Discover Gluck's Orfeo ed Euridice, performed at the Théâtre de Poissy by the accentus choir and the Insula Orchestra under Laurence Equilbey's baton. They are joined by Franco Fagioli, Malin Hartelius and Emmanuelle de Negri.
The legend of Orfeo and Euridice, which dates back to the Greeks and the Romans, is one of those stories that are as aching and painful as they are wonderful, several times adapted through the history of music (by Monteverdi, Gluck, Berlioz and Offenbach). For this concert, Laurence Equilbey chose to perform Gluck's original Viennese version that was composed in 1762, with a wonderful casting. The role of Orfeo, that originally required the voice of a contralto castrato, is performed by one of the best countertenors of our times, Franco Fagioli whose remarkable voice covers three octaves. The Swedish soprano Malin Hartelius appears in the role of Euridice. They are joined by Emmanuelle de Negri to perform Amore.
Orfeo cries because his beloved wife has died. The gods, moved by such a pain, send him Amore (the Love) to offer him to go to the Hades to bring back Euridice, on condition that he does not glance at her before they will be back on earth. When Orfeo wants to cross the Cocytus, he meets the Happy Spirits. Thanks to his musical talents, he convinces the Spirits to let him go and guide him.

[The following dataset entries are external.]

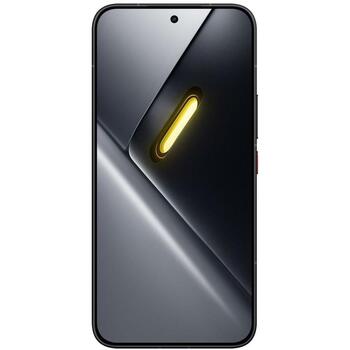 Poco Мобильный телефон X8 Pro Max MZB0NC9EU, 12ГБ, 256ГБ, 8500мАч, 50МП, IP68, 6.83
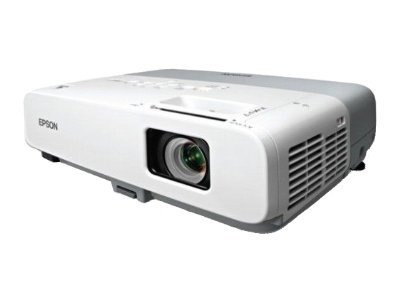Epson PowerLite 84+ Projector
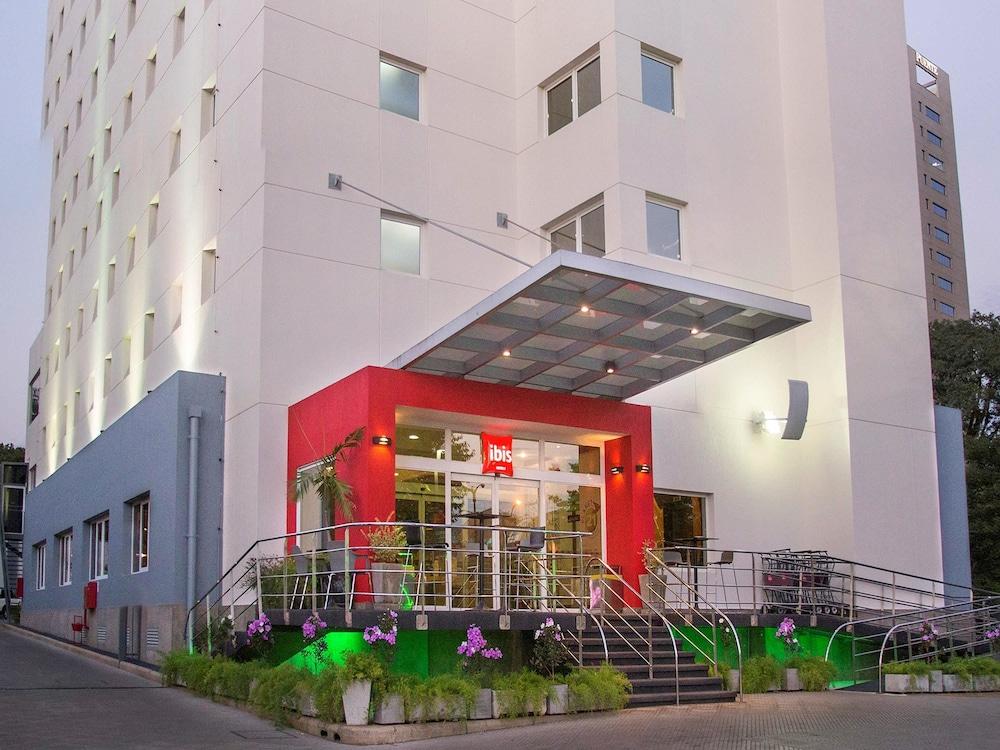 Fotos del hotel - IBIS ASUNCION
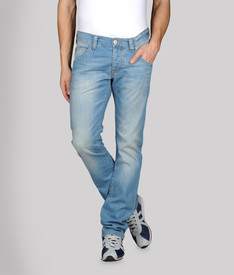 ARMANI JEANS - Denim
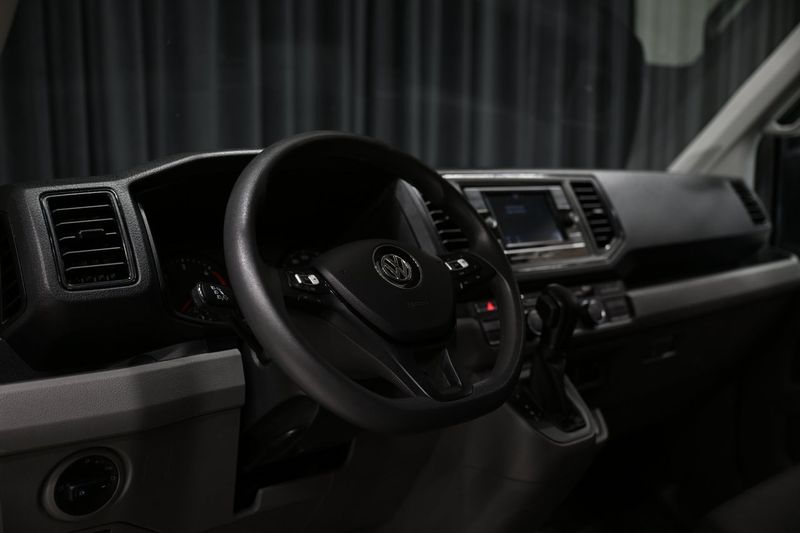 Volkswagen Crafter bild 14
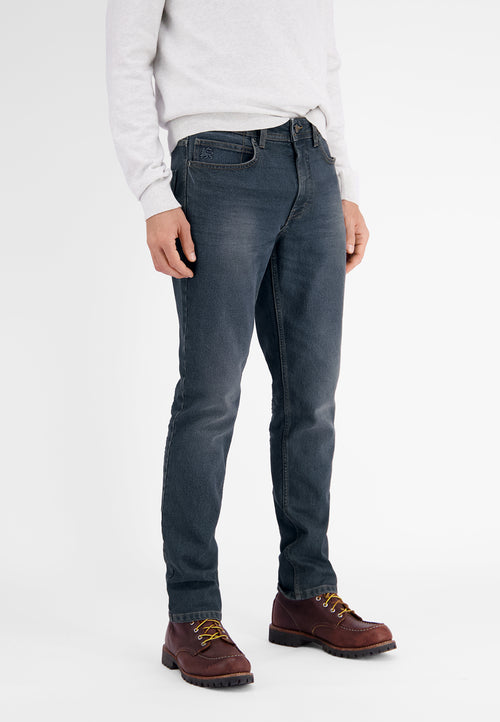 Lerros BAXTER 5-Pocket Stretch-Denim, RELAXED FIT Bis zu 60% Rabatt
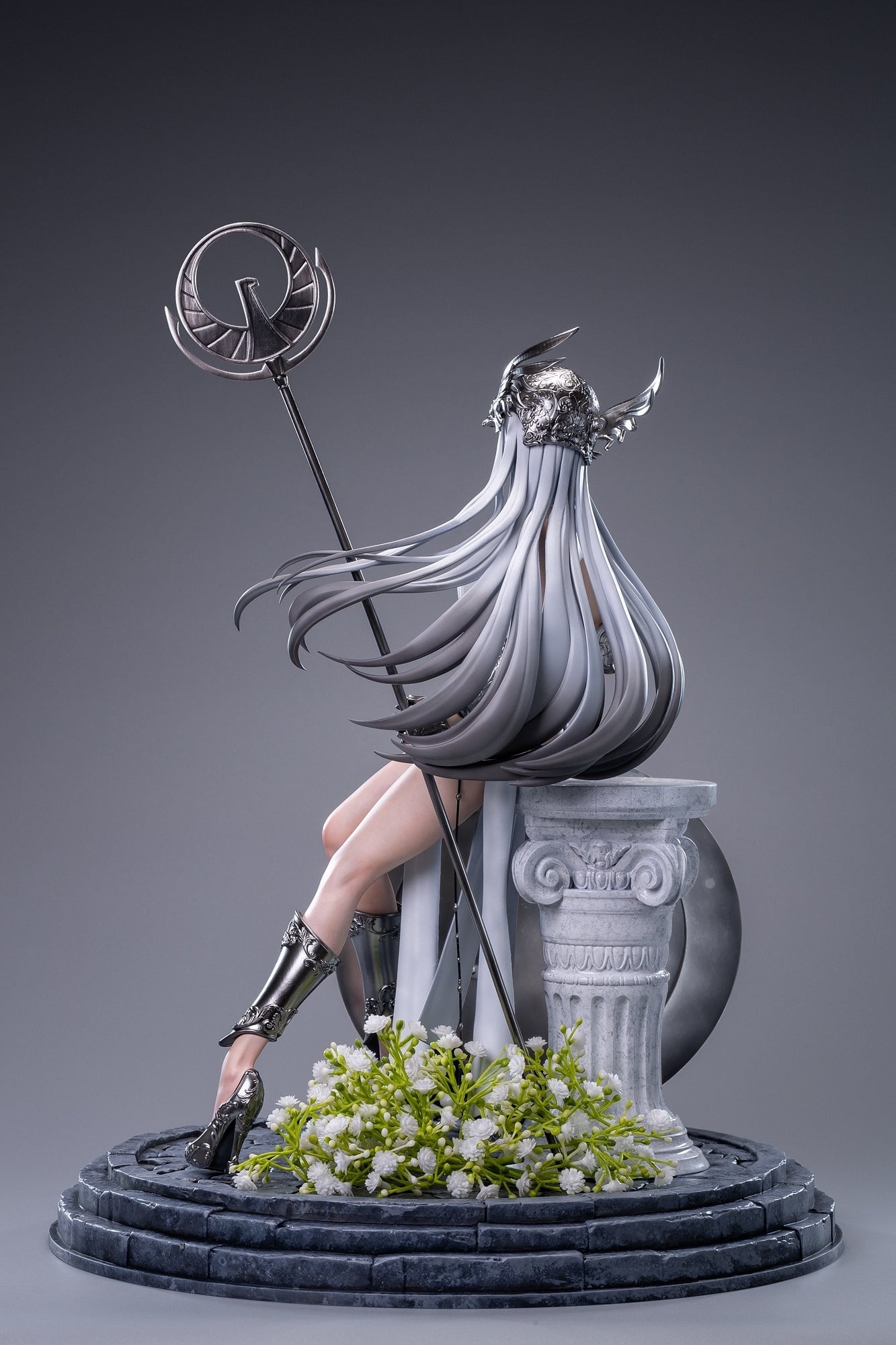 [สั่งจอง]FE STUDIOS FE005 1/5 Scale Statue : Athena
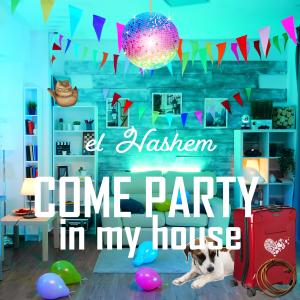 收聽el Hashem的Keeps Me Home (My Cowboy)歌詞歌曲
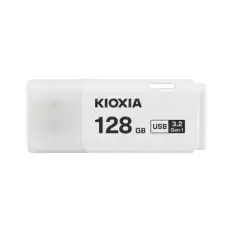 Kioxia 128Gb U301 Beyaz Usb 3.2 Gen 1 Flash Bellek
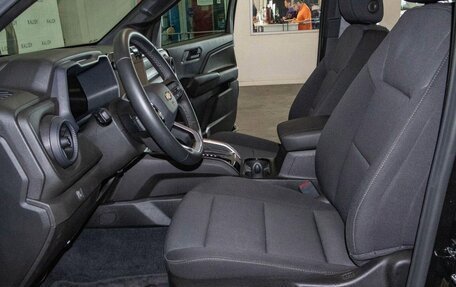 Chevrolet Colorado, 2026 год, 5 897 610 рублей, 15 фотография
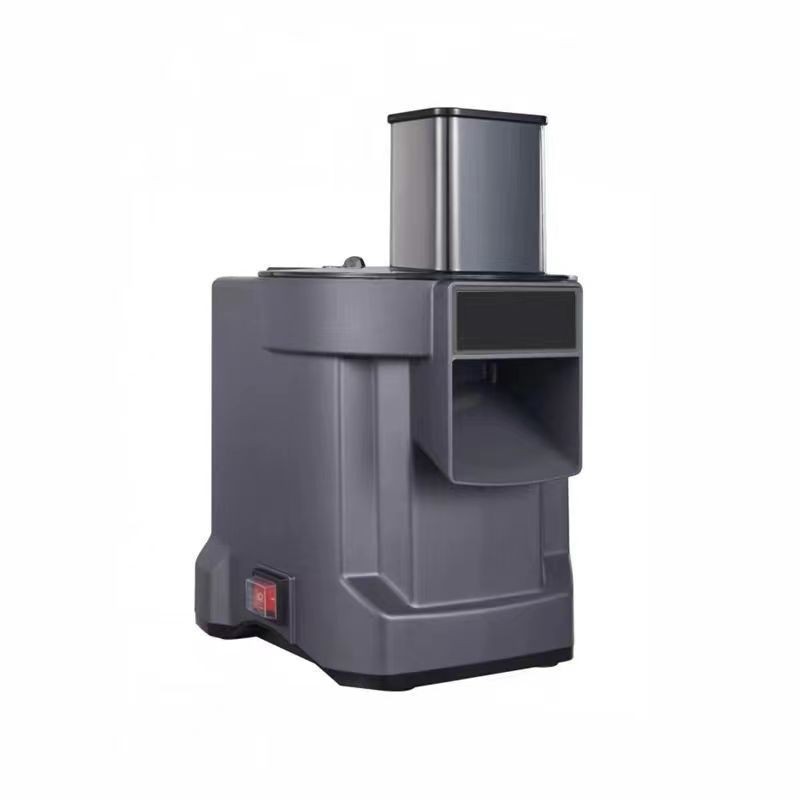 

Multifunctional Vegetable Cutter Slicing Shredding Dicing Food Processor Commercial Vegetable Cutter with 3 Blade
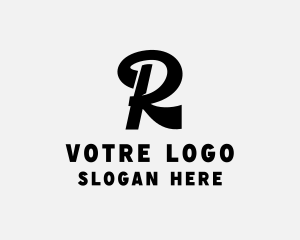 Fashion Studio Boutique Logo
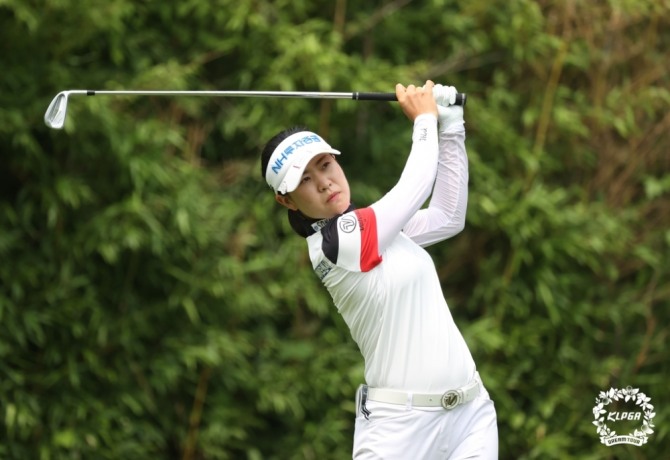 박민지 [KLPGA 제공]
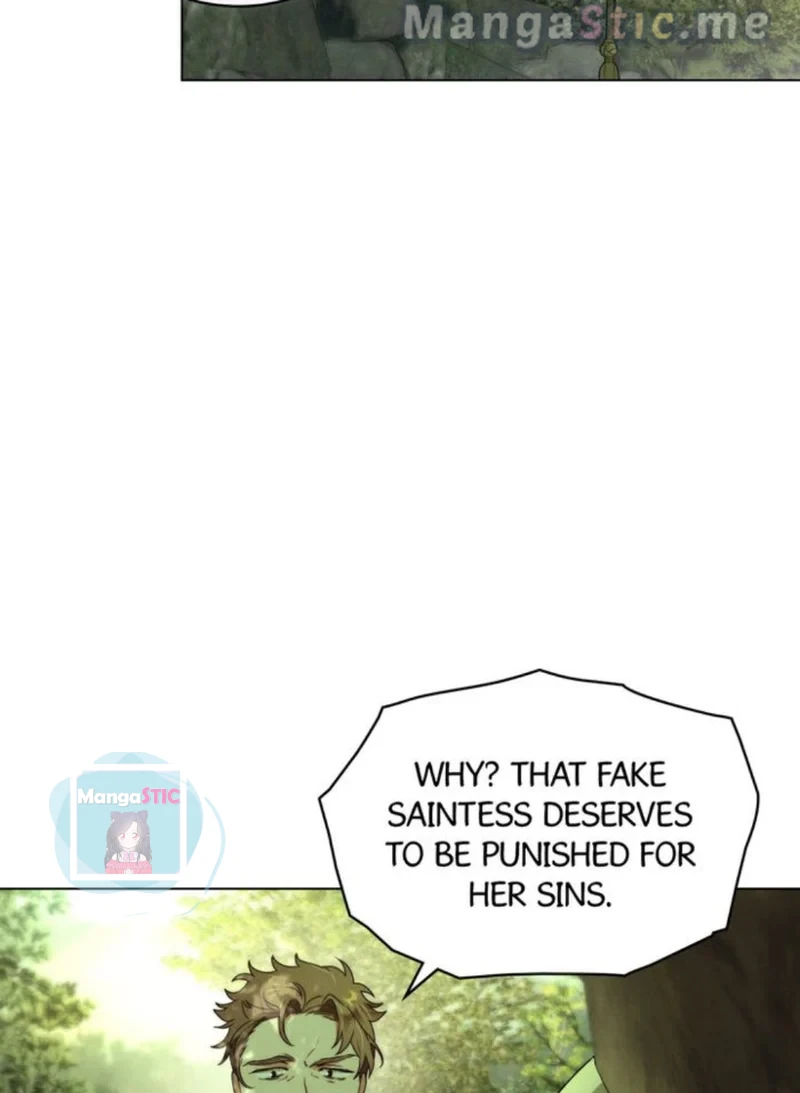 The Golden Light of Dawn Chapter 42 - page 56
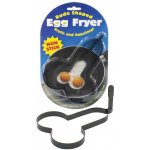 Forma na vajíčka ve tvaru penisu Rude Shaped Egg Fryer Willie – Zbozi.Blesk.cz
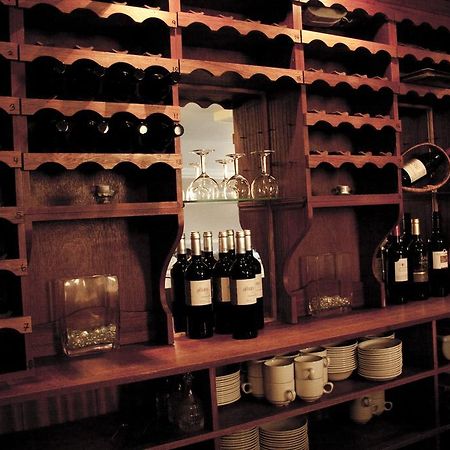 The Urr Valley Country House Hotel 캐슬더글러스 외부 사진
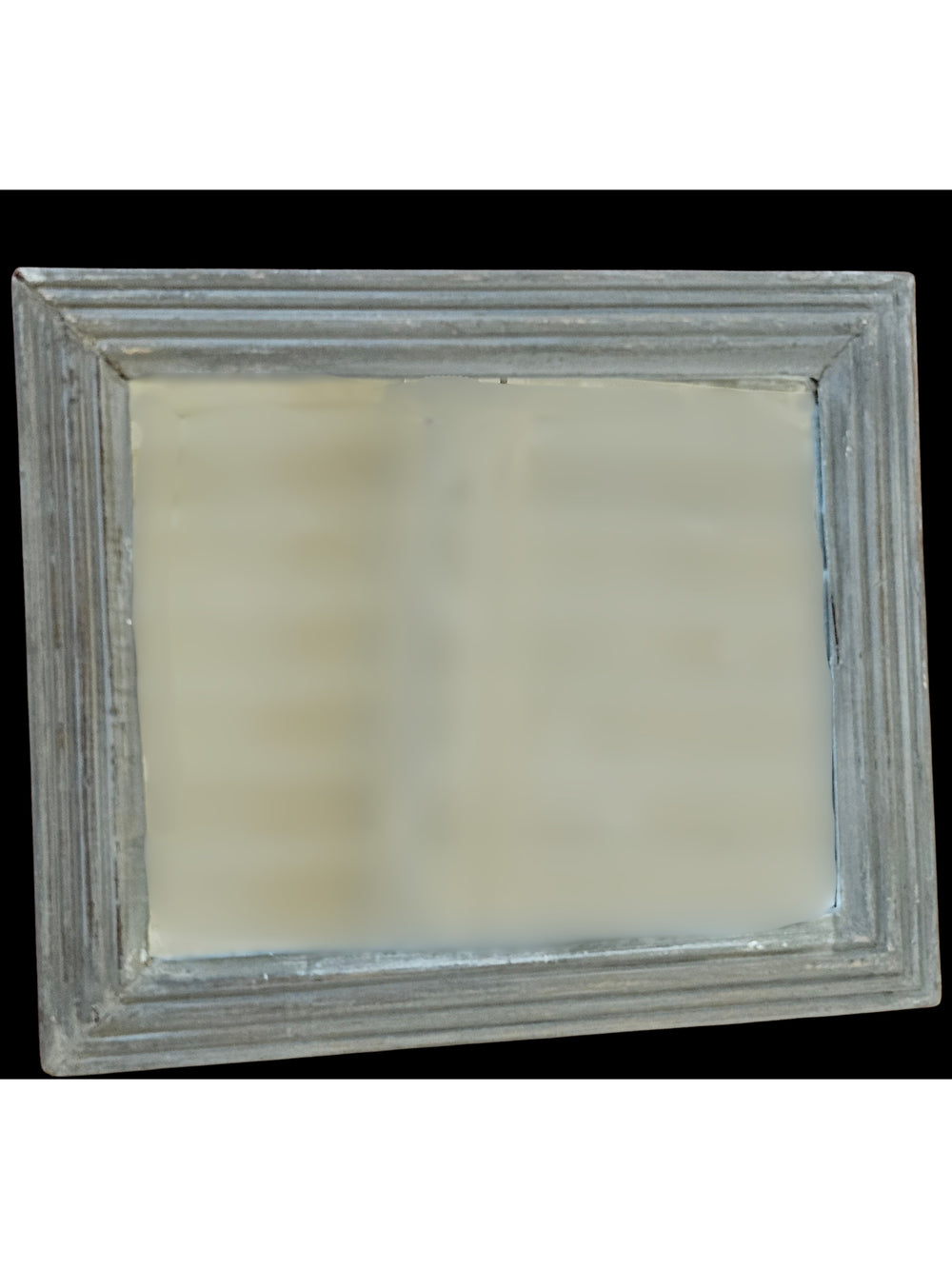 Wood Frame Mirror | Assorted
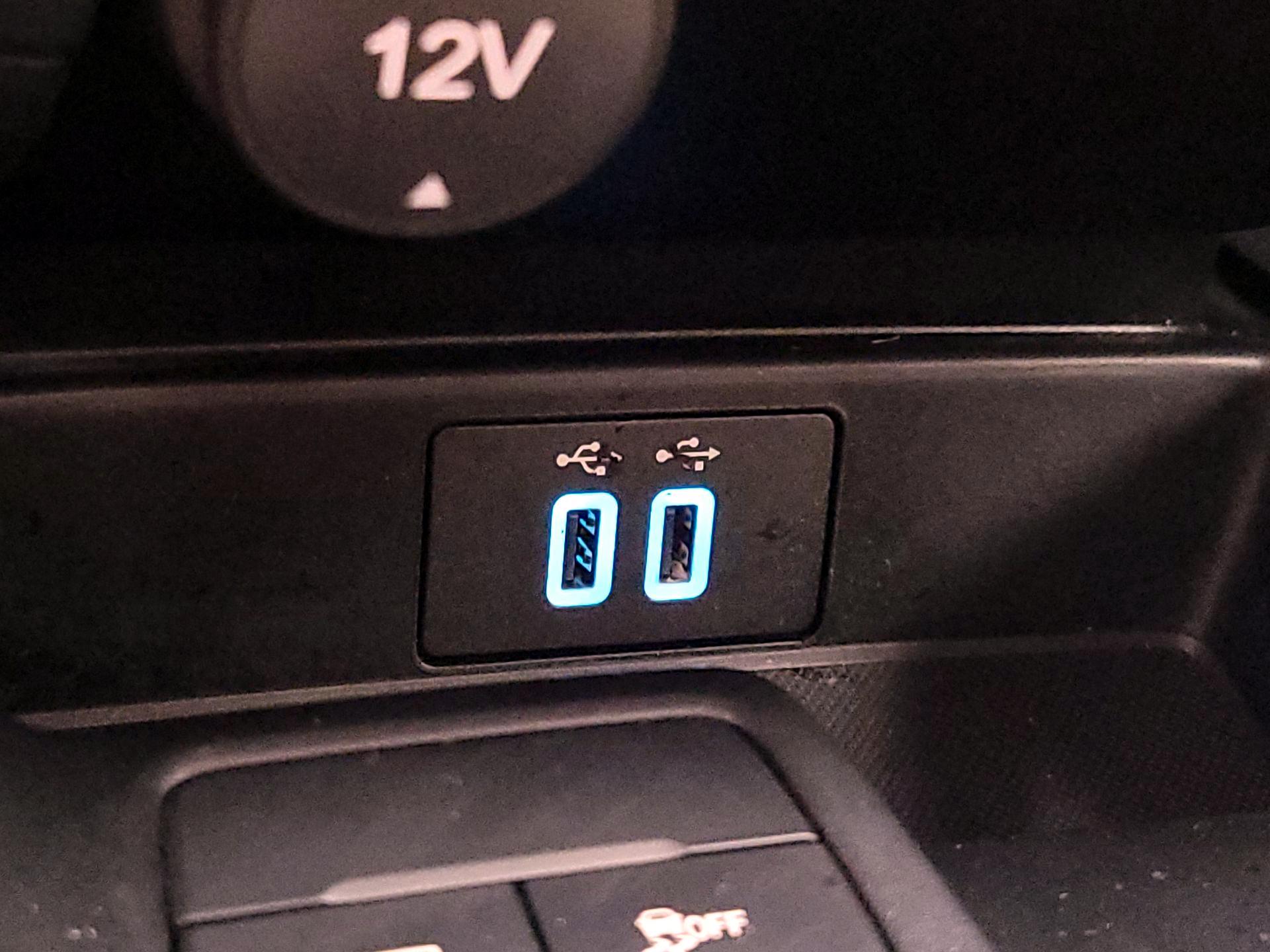 Thumbnail: 2022 Ford Ranger - 18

After having found his wife, he begins with her a long way to come back on Earth. However Euridice suddenly stops, worried: she doesn't understand why Orfeo doesn't look at her. Orfeo can't resist anymore, he turns to look at his wife. But in an ultimate breath, Euridice forever dies. In the famous "I have lost my Euridice", Orfeo wants to kill himself but Amore appears to stop him and gather the lovers in the eternity.
Through the Orfeo ed Euridice he composed in 1762, Gluck makes this tragedy sublime with a dazzling music, at the limits between the Baroque and classical styles, with the shape of an azione teatrale per musica that was popular at the end of the 18th century.
"I had a so deep, sensitive, absorbing and harrowing impression when I heard the music of Orfeo ed Euridice that I was unable to talk about what I felt."